The Net
73
The Tao is always at ease.
It overcomes without competing,
answers without speaking a word,
arrives without being summoned,
accomplishes without a plan.
Its net
covers the whole universe.
And though its meshes are wide,
it doesn’t let a thing slip through.
Tao Te Ching by Lao Tsu, trans. by Stephen Mitchell
This verse, a few lines provides a description of the “way-of-heaven” tian’s way. The thought that the entire cosmos functions according to the model that is expressed here is sublime. There is the phrase, “to play the long game.” Without doubt the way-of-heaven is calibrated in a manner to play the long game. There is a proportion, a poise flexible to encompass opposites, a timely arrival of result, without extensive, energy-ravenous calculation. The way-of-heaven gets the job done without AI!

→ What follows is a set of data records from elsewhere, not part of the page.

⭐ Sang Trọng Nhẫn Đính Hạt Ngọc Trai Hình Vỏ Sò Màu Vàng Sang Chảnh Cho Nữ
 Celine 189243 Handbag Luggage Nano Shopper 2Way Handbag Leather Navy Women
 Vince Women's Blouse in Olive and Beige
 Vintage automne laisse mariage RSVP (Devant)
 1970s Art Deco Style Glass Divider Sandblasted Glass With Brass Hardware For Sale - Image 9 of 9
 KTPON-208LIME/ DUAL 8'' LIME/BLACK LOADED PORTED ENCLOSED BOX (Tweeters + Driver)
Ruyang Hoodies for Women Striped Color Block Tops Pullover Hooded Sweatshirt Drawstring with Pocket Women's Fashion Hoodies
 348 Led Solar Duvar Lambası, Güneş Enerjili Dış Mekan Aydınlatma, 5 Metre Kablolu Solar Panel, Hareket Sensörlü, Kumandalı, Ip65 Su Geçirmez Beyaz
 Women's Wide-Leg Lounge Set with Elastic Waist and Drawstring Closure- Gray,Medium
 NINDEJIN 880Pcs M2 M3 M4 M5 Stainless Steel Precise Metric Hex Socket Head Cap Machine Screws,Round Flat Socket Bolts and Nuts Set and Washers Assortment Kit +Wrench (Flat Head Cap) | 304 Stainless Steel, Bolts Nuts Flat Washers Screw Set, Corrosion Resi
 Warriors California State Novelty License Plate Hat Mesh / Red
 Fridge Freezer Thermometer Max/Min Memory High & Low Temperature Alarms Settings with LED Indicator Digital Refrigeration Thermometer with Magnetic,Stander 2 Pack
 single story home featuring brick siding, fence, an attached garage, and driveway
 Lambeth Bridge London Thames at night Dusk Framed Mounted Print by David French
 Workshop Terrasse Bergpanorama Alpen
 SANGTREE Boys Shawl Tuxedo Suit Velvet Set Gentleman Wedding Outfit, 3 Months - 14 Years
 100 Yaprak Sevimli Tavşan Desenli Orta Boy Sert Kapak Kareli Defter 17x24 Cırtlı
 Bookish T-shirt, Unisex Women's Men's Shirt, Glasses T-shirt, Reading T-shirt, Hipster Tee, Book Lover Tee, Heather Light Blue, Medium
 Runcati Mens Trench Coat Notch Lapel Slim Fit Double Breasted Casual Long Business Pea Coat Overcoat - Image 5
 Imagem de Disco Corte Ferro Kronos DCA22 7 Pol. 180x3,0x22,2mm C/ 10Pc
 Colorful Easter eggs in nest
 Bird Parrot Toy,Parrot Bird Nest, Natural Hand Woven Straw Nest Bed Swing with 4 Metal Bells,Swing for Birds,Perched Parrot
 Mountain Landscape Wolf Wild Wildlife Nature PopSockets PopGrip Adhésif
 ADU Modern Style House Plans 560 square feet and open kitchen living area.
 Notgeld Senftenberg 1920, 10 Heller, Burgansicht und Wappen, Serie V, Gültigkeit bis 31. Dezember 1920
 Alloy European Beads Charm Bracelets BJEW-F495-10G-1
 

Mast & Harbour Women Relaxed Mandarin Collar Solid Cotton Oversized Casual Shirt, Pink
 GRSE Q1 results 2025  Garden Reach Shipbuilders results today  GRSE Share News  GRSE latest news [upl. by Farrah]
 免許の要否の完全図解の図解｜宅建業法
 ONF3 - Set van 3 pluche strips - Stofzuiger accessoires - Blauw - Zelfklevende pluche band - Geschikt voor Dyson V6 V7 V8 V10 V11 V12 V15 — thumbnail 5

I think a lot about our predicament as a society. Also about our world, the home of my children and grandchildren, – in the maw of global warming, and the massive population disruption that has just begun everywhere. My initial reaction is some sort of direct response. Were I to be in a position to achieve it, my imagined first response would simply be additive to the violence already loosed upon all of us.
Commenting upon their philosophical translation of verse 73, Roger T. Ames and David L. Hall wrote this:
On tian’s model, real strength entails flexibility, real wisdom entails uncertainty, and real endurance entails patience. So, too, real courage is most effective only when it is tempered by prudence.
2 thoughts on “The Net”
I agree that I often have delusions regarding the possibility that violence can have a beneficial impact on the creatures we see destroying our planet. That somehow by cutting off the head of the snake we can find solutions. This is an emotional response that lingers regardless of my pragmatic knowledge that a violent approach will only foment more violence.
I know that I return over and over to the term,”Mindfulness “ which is just another way of expressing what is discussed in the Tao on a daily basis in your blog. The frustration for me is that the Tao is ancient wisdom. It has been around for millennia and yet we continue to ignore the value of those words, instead continuing along a path paved with greed and a hunger for power.
When does it end?
Reminds me of the ancient but contemporary story of Cain and Abel. Related by blood and yet,…
Violence is part of the weft and warp of existence, and as you reference in your comments ought to be the very last resort when it comes to human to human relationships. A bully is a person enveloped by insatiable hunger for power. A countervailing force is the only fraught remedy. Perhaps analogous to igniting a backfire in order to stem a far more dangerous outbreak of conflagration.